The primary conceptual approach currently used for representation of areal space–time data in GIS is known as the snapshot approach—sequential images or snapshots of values for a given variable over a given area for a known point in time (Figure 1a). These snapshots are conceptually equivalent to slices extracted from the continuous space–time cube. Another conceptual approach for representing space–time data is what Gail Langran called “base state with amendments” (Figure 1b), where only the changes known at specific times are recorded. A third conceptual scheme is the space–time composite, which can be thought of as the result of[Page 488] stacking all successive changes on top of one another as virtual transparencies, flattening out the space–time cube into a single cumulative depiction (Figure 1c).

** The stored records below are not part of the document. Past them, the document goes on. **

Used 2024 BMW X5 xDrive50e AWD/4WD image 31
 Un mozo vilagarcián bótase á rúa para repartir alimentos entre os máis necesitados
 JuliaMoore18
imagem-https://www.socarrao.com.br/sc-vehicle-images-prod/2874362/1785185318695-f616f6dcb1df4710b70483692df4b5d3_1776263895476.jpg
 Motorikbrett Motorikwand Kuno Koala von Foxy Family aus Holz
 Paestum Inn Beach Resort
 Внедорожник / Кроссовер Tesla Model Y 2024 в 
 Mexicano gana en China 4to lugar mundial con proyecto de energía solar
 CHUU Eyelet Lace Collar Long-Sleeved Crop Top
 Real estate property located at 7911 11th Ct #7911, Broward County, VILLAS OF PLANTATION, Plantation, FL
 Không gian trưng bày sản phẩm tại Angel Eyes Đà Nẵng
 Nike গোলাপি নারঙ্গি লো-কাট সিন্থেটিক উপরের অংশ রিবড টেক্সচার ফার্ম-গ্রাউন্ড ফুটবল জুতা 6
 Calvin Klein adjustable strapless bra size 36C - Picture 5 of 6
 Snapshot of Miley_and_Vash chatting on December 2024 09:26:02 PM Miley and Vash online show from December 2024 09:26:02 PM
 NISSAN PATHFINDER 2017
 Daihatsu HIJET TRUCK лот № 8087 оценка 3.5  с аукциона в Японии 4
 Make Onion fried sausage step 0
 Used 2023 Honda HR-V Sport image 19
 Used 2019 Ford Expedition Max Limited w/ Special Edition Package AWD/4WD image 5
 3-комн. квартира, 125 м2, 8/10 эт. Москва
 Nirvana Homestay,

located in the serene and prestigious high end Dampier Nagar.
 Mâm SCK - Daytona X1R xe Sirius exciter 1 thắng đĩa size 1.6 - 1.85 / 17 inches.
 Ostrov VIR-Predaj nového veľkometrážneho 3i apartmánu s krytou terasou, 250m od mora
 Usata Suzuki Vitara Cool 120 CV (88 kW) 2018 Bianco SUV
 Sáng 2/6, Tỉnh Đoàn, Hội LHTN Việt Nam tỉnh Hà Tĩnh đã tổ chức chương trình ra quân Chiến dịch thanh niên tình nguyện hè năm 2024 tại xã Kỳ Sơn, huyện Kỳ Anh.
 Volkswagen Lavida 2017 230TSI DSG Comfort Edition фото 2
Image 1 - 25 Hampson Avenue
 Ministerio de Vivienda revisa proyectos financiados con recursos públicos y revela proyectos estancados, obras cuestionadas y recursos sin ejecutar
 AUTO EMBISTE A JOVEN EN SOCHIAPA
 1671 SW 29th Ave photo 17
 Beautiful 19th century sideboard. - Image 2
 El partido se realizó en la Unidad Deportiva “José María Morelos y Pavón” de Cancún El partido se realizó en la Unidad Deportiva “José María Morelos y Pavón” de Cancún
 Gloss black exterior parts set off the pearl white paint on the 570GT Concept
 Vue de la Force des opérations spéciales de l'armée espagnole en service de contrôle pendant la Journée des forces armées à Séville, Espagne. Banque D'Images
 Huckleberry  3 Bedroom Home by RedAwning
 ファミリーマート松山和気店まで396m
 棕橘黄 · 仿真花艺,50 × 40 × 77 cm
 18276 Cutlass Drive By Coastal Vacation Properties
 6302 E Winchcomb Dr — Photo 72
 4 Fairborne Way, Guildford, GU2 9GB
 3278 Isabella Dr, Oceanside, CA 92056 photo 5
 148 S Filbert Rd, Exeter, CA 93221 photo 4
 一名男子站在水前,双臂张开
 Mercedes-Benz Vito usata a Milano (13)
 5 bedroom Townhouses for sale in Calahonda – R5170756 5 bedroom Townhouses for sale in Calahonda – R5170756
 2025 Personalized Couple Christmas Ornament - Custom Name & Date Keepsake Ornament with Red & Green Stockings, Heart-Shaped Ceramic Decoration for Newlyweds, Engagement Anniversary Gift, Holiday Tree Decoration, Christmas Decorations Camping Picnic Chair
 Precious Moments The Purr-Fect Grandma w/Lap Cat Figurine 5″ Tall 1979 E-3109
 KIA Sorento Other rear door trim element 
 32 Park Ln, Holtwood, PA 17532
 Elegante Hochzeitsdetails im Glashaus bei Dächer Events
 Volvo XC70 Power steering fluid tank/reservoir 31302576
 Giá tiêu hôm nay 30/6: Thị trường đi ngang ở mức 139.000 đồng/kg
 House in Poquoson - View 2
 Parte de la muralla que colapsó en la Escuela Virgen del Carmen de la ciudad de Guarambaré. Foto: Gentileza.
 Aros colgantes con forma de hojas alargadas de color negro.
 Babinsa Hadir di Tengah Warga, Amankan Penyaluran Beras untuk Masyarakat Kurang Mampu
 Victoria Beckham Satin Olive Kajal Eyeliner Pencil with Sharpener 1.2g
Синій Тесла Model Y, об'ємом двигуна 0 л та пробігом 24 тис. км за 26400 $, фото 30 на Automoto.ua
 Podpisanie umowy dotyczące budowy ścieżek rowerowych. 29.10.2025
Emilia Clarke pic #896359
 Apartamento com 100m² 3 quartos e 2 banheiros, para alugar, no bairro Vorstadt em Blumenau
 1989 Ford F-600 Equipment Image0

Figure 1 The Three Space-Based Approaches to Space–Time Representation: (a) Snapshots, (b) Base State With Amendments, and (c) Space–Time Composites

Sequent snapshots usually are implemented as gridded raster images, although vector implementation can also be done. This approach is easy to implement using the standard raster and vector data models available in existing GIS by “tricking” the software. Instead of individual grids representing a set of thematic layers (e.g., elevation, vegetation, soil type), each spatially registered layer represents the state at a given moment in time for one of these themes (e.g., a vegetation sequence). Because modern computer graphics use rasters, the gridded implementation of sequent snapshots allows these to be displayed as a movie similar to the radar map on the Weather Channel. Under software control, the display sequence can be speeded up, slowed down, or reversed. Temporal change can also be calculated by finding the differences between two snapshots.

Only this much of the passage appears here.